Why are you changing the security standards?
We care deeply about keeping your money safe while providing you with easy access to your accounts. With the continued growth of online banking, there are increased needs for greater security standards to keep you and your money well protected. In addition, the government issued new guidelines in 2011, calling for enhanced security measures for online banking. Thus, we are upgrading our security procedures to provide you with the best protection available. Our new security standards will make it even safer for you to monitor and manage your money while safeguarding against unauthorized access to your accounts.
What are the recommendations and required changes?
Note: Using the answers from your security questions will no longer be a multifactor authorization, "MFA” verification option. You will need to select a new MFA verification method such as a telephone, computer or cell phone.
After providing your username and password, select the MFA verification method of your choice as your phone number, email address and SMS text number have been carried over to the new system. We will immediately send a six-digit access code to your phone (via voice or via SMS text message) or computer (via email) so that you can enter into your computer to complete your login. You can opt to have this computer remembered so you don’t need to repeat this step each time you log in. However, you must obtain a new access code for each computer you use to log in that is not remembered on the system.
How will using multifactor authorization enhance my online banking security?
Multifactor authentication makes it more difficult for phishers and attackers to access your accounts without you knowing it. While this might seem unfamiliar, you actually use it every time you visit an ATM. When you access your account from an ATM, you need both your ATM card (something that you have) and PIN (something that you know).
We’ve implemented the same type of protection by using both your password and your phone/email account to access your online banking account. By doing this, even if an attacker or a phisher manages to steal your password and tries to use it to log in, they would be unsuccessful because they would need your phone or email account as well.
Is there anything I need to do?
The bank already has multifactor authentication in place for your security purposes. As was reflected in earlier in this FAQ, please have a phone, computer or cell phone readily available to re-register your computer. Online banking customers currently using the answers from Security Questions will need to select a new MFA verification option to obtain their six-digit access code
Will I always need to use both my password and my phone/email account from now on?
The first time you attempt to log in from a new computer, you will need to use both your password and the six-digit access code you receive on your phone or email account in order to log in. If you are accessing from a private computer that you personally use, you can opt for the system to remember your computer for future logins.
By doing this, you will not need to repeat the step of obtaining an access code via phone or email account, and you will only need your username and password in the future to log in.
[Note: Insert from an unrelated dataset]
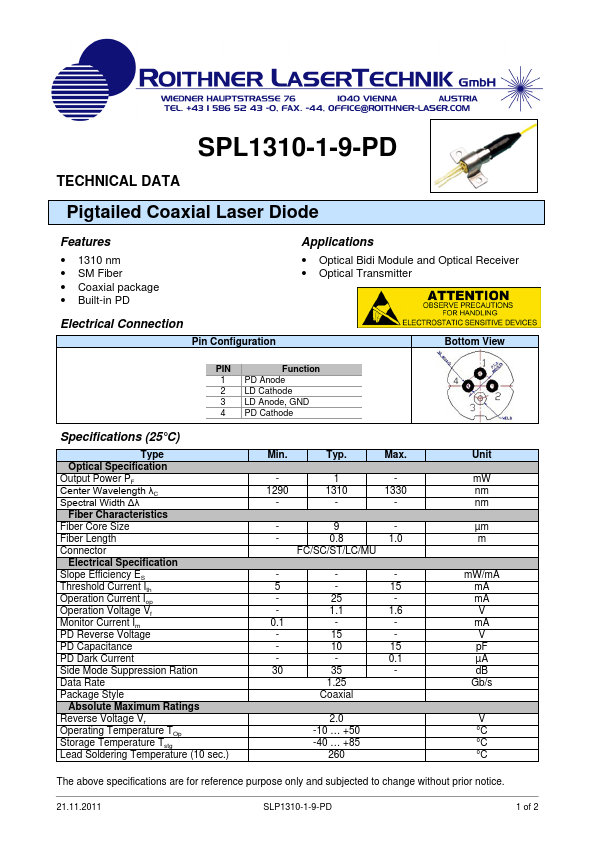 <?=SPL1310-1-9-PD?> डेटा पत्रक पीडीएफ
For enhanced security protection, we suggest that you always use both your phone or email account and your password. If you do opt to have your computer remembered, we recommend that you do so only on computers that you can personally own and that have the latest updates and virus protection software installed on them.
How about if I log in from another computer?
The first time you log in from another computer you will need to use both your password and a new phone/email account six-digit access code to log in. However, you can choose to have your new computer/mobile device remembered on the system so you only need your username and password for future access to your account online.